As my children grow older, I am appreciating even more those moments before they fall asleep. As babies there were nights when those 30, 60 or 120 minutes of lying there, willing them to sleep was frustrating. It was made easier when I realized that this time was short and I wasn’t really ‘missing out’ on anything else. It was guaranteed snuggles and silence as we shut out the rest of the world.
Now they take a very short amount of time to fall asleep, but with my son especially, who is a busy and active 4.5 year old, those moments are times when we talk, share and laugh. Those moments are even more special to me.
As we lie there, he runs through his day. Shares fears or concerns that he may have been keeping in. He also tells me his hopes, dreams and what makes him happy. Before falling asleep, there is the usual ‘I love you’, nearly a whisper in a soft voice.
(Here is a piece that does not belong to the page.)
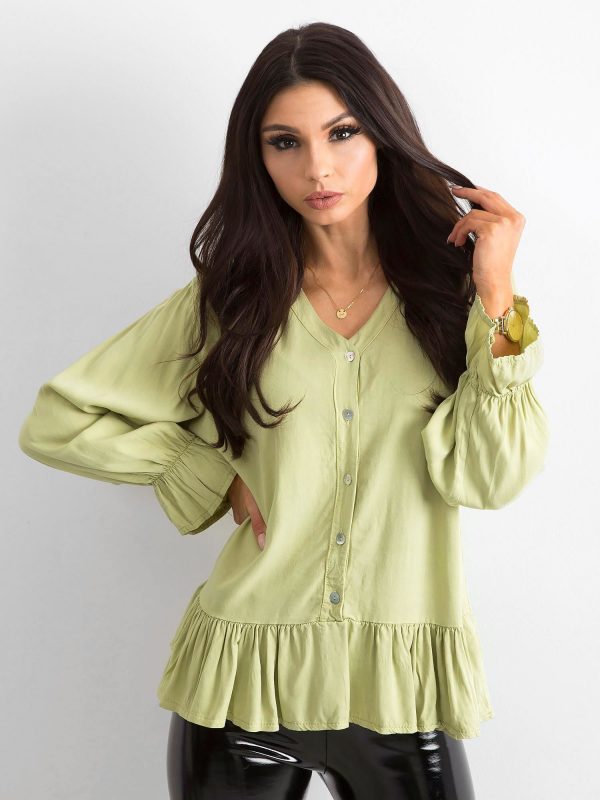 Green loose blouse with flounce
Those moments. The ones we spend in near silence, right before he falls asleep, are some of my favourite. I know all too well that as they grow those nights may change. But for now, I am going to enjoy them.
This post seems very timely for me to be reading! We have been feeling a bit frustrated with our 2-year old taking sometimes 1.5 hours to fall asleep. Her favourite thing to do is roll around all over the bed, digging her face into the pillows before she finally succumbs to sleep. However, I realized last night that I, too, find those last moments before sleep special, when she asks me to tickle her arm or back. Thanks for reminding me that these moments are fleeting and need to be cherished.
I do the same thing. I remember when my now 6yo was 2 and he would talk for 45 minutes non stop and I would get frustrated because I knew that once he stopped talking there was still another 30 minutes before he would sleep. But one night I realized that this talking was his way of processing the events of the day. It was like he was downloading his brain and once he was done he could be quiet and relax and rest. Of course now that he is 6 he just falls asleep in a matter of minutes. But I always get a few snuggles and an I love you or two in there first.
I love this. It took me a while to cherish these moments and now I don’t want them to pass. My son (2) has been asking me this week to hold his hand as he closes his eyes and tries to fall a sleep. He pulls my hand to his chest and it melts my heart. I try to remind myself that this phase will go by so quickly and to embrace it.